# Task to carry out
Without the pictures, repeat the listing character for character.

# Dataset content
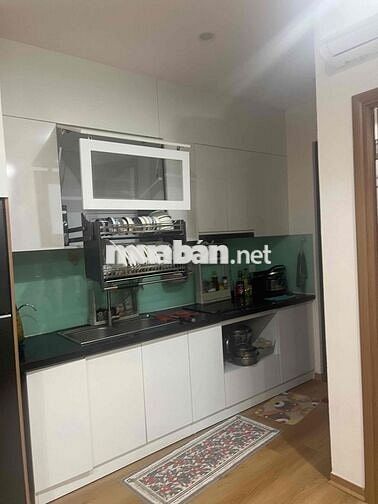 Bán Căn Thương Mại 1 phòng ngủ View Biển Siêu Đẹp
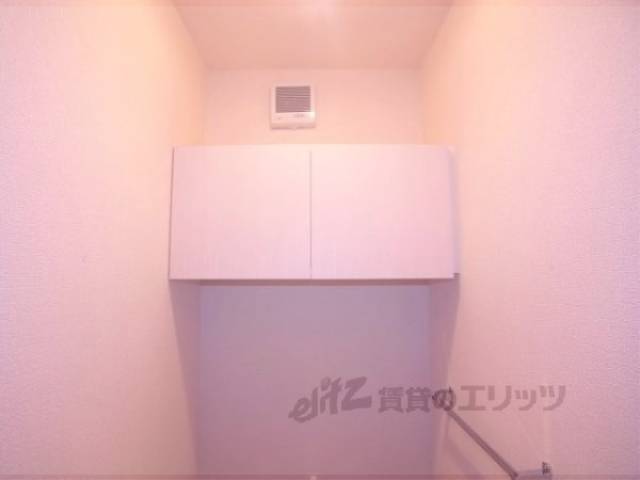 トイレ棚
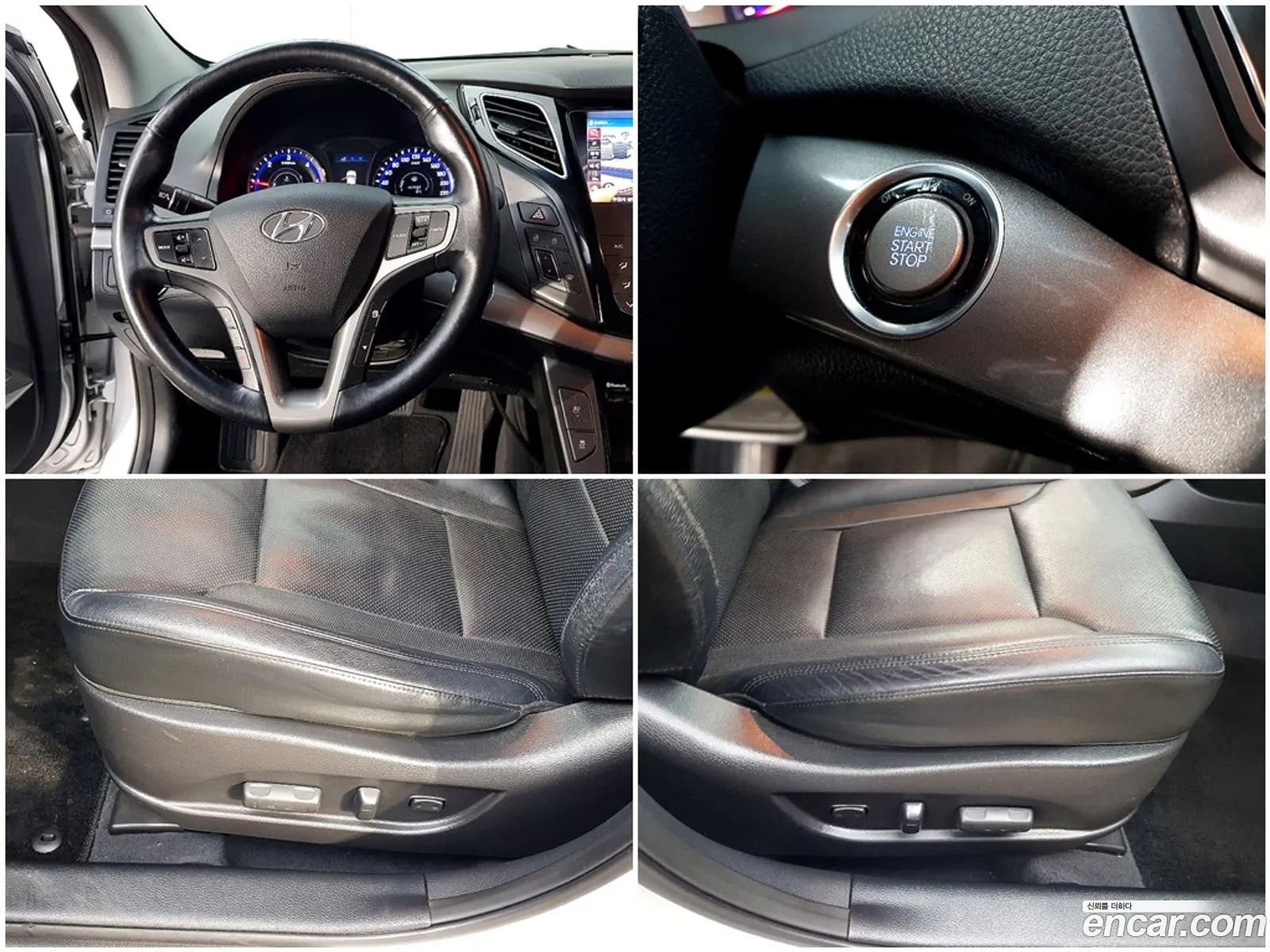 The New I40 Salun 17 Vgt Pyl - фотография 13635965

# Solved exercise
 Bán Căn Thương Mại 1 phòng ngủ View Biển Siêu Đẹp
 トイレ棚
 The New I40 Salun 17 Vgt Pyl - фотография 13635965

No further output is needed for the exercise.